Ab dem 1. Juni 2026 wird Energy Sharing in Deutschland eingeführt und ermöglicht erstmals die gemeinschaftliche Nutzung von Solarstrom über das öffentliche Verteilnetz. Grundlage ist die EnWG-Novelle, die es Betreibern von Photovoltaikanlagen erlaubt, überschüssigen Strom direkt an Nachbarn zu verkaufen, ohne dabei klassische Lieferantenpflichten erfüllen zu müssen. Netzbetreiber sind ab 2026 zur Umsetzung innerhalb eines Bilanzierungsgebiets verpflichtet, ab 2028 auch gebietsübergreifend. Das Modell stärkt die Energiewende und nutzt wirtschaftlich beiden Seiten: höhere Erlöse für Anlagenbetreiber und günstigeren Strom für Nachbarn.
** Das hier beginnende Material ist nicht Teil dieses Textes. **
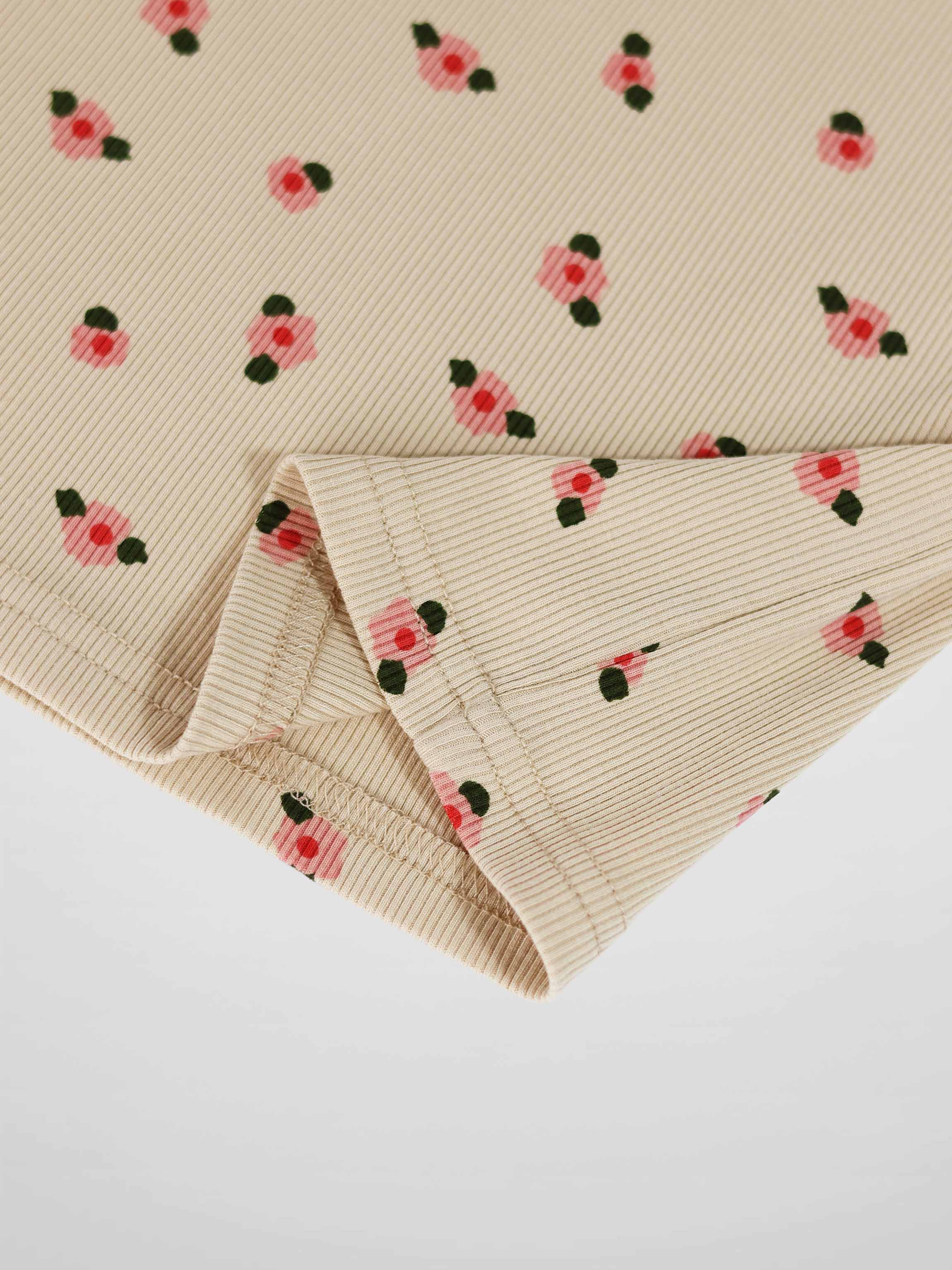 Adee tan floral T-shirt for girls, short sleeves, beige ribbed fabric with pink flowers and green leaves.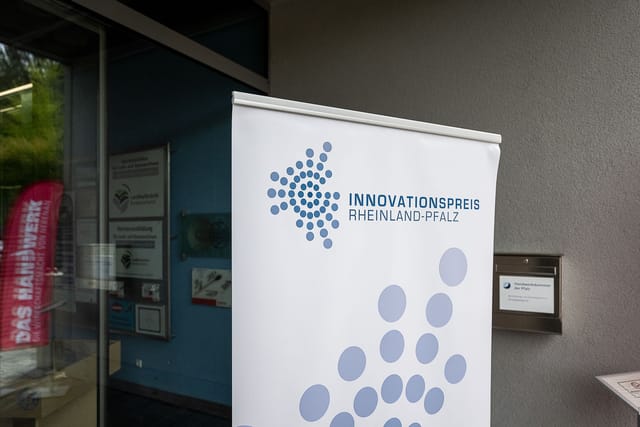 Innovaatiopalkinto Rheinland-Pfalzin banderolli sisäänkäynnin edessä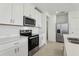 Well-lit kitchen with stainless steel appliances, quartz countertops and white cabinets at 16450 Bird Of Paradise Ave, Clermont, FL 34714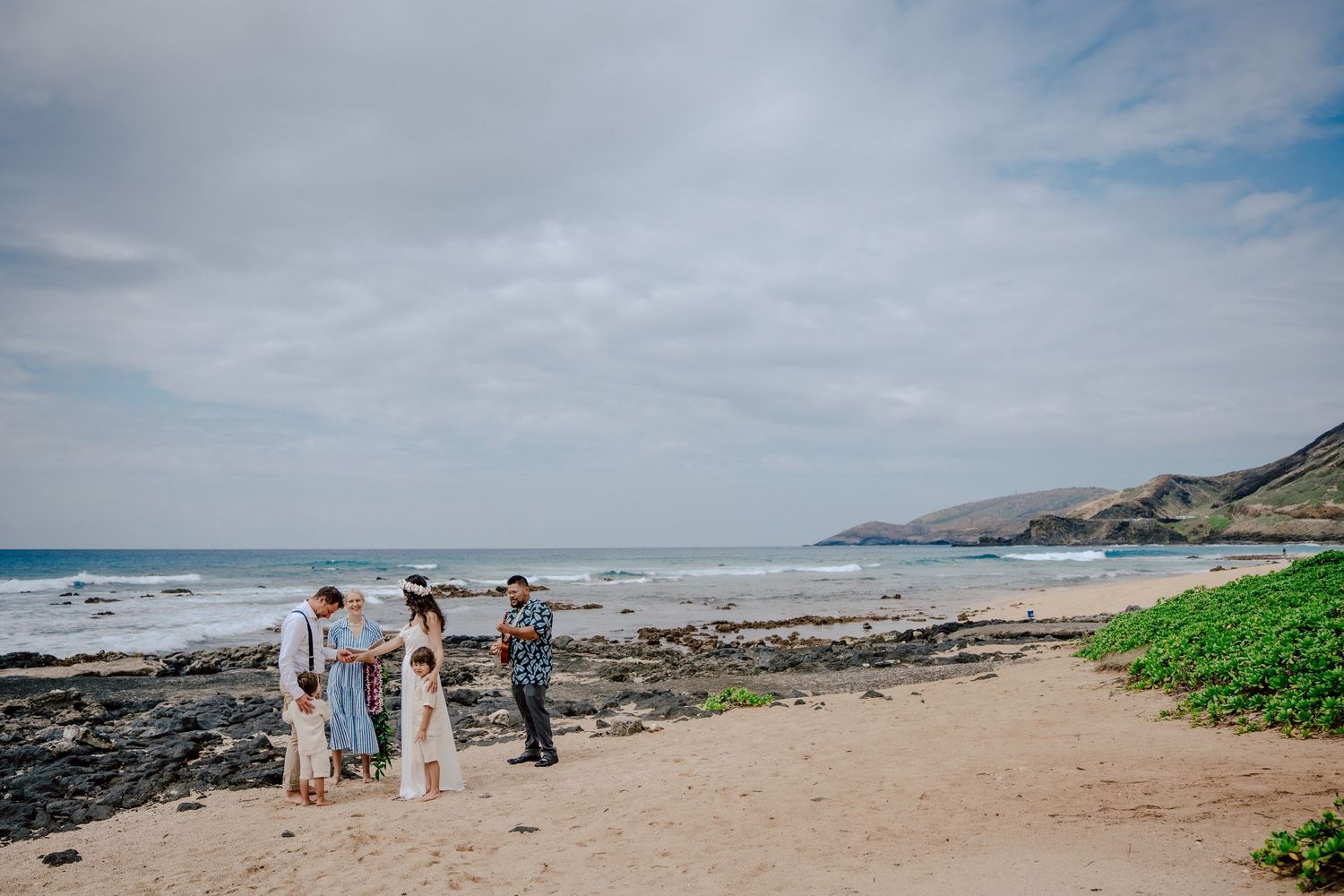 A group of people stand on a scenic rocky beach with turquoise ocean waters and mountains in the distance.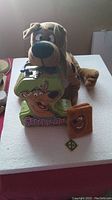 Scooby-Doo plush toy sitting on top of a green metal tin shaped as number 3 with Scooby-Doo printed on it, plus small brown plush item and Scooby-Doo collar tag charm.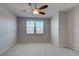 Neutral bedroom featuring a ceiling fan, two windows, and plush carpet, creating a bright and comfortable space at 23 Hudson Canyon St # 3, Henderson, NV 89012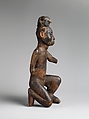 Power Figure (Nkisi): Kneeling Male, Kongo artist, Wood, cloth traces, applied organic matter, bone, resin, Kongo peoples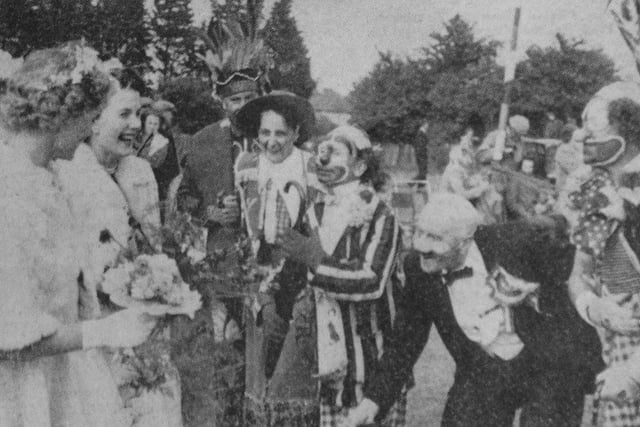 Rustington's Coronation Day princess and her attendants laughing with a group of clowns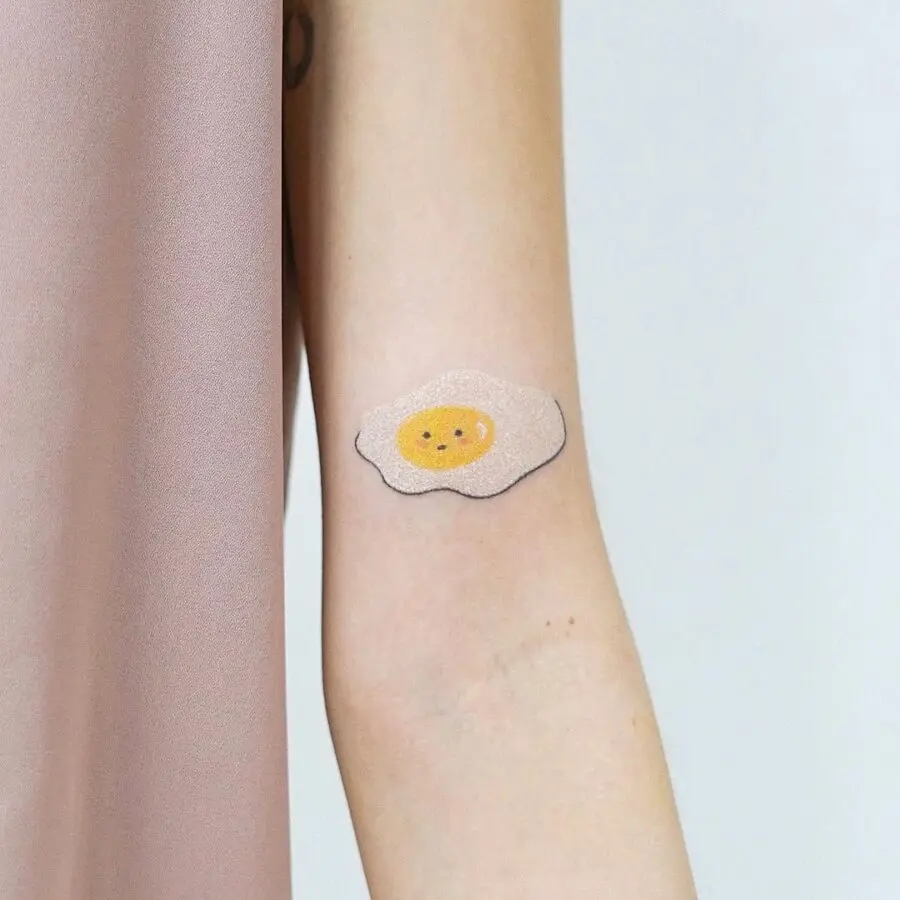 Charming minimalist egg tattoo for playful vibes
GEG setzt 2026 weitreichende EU-Änderungen um

Die vollständige Abschaffung des Gebäudeenergiegesetzes (GEG) ist politisch vom Tisch, nur die letzte Novelle soll zurückgenommen werden. Das GEG setzt neben den nationalen Klimaschutzzielen auch bindende EU-Vorgaben um, und die EU-Gebäuderichtlinie „EPBD 2024“ bringt ab 2026/2030 weitreichende Neuerungen mit sich: Nullemissionsgebäude für Neubauten, Sanierungspflichten für Bestandsgebäude, Solarpflichten, Lebenszyklusanalysen und grundlegend reformierte Energieausweise. Diese Vorgaben sollen mit der nächsten GEG-Novelle (geplant ab Januar 2026) konkret in deutsches Recht überführt werden. Details wie Schwellenwerte, Ausnahmen und Übergangsfristen sind noch offen. Klar ist bereits: Der Gebäudesektor muss u. a. bei Sanierungsquote und Heizungstausch deutlich schneller werden, wenn ein klimaneutraler Bestand 2045 erreicht werden soll.

Regeln für Industriestrom festgelegt

Wie bereits berichtet, plant die Bundesregierung rückwirkend ab dem 1.1.2026 einen Industriestrompreis von 5 ct/kWh für stromintensive, international wettbewerbsfähige Unternehmen. Diese sind aber, im Einklang mit dem EU-Beihilferecht CISAF an verpflichtende Gegenleistungen geknüpft: Mindestens 50 % der Förderung müssen in Effizienz-, Flexibilitäts- oder Dekarbonisierungsmaßnahmen investiert werden. Neu ist, dass Industriestrompreis und Strompreiskompensation künftig parallel genutzt werden dürfen, allerdings ohne Doppelförderung und nur mit sauberer Trennung der Verbräuche. Die Förderung ist auf die Jahre 2026 bis 2028 befristet. Unklar bleibt die Finanzierung: Mittel sollen aus dem KTF kommen, was aber bisher nicht gesichert ist.

 

Weitere News:

  • Gasnetzbetreiber im Effizienzvergleich: Die Bundesnetzagentur hat Ende des Jahres Kennzahlen der fünften Regulierungsperiode (2028-2032) veröffentlicht. Der pauschale Effizienzwert ist deutlich gestiegen.
  • Kommunale Wärmeplanung: Die Abschlussfrist der KWP für Großstädte mit über 100.000 Einwohnern endet am 30. Juni 2026. Viele deutsche Städte haben bislang keine verbindliche Wärmeplanung festgelegt.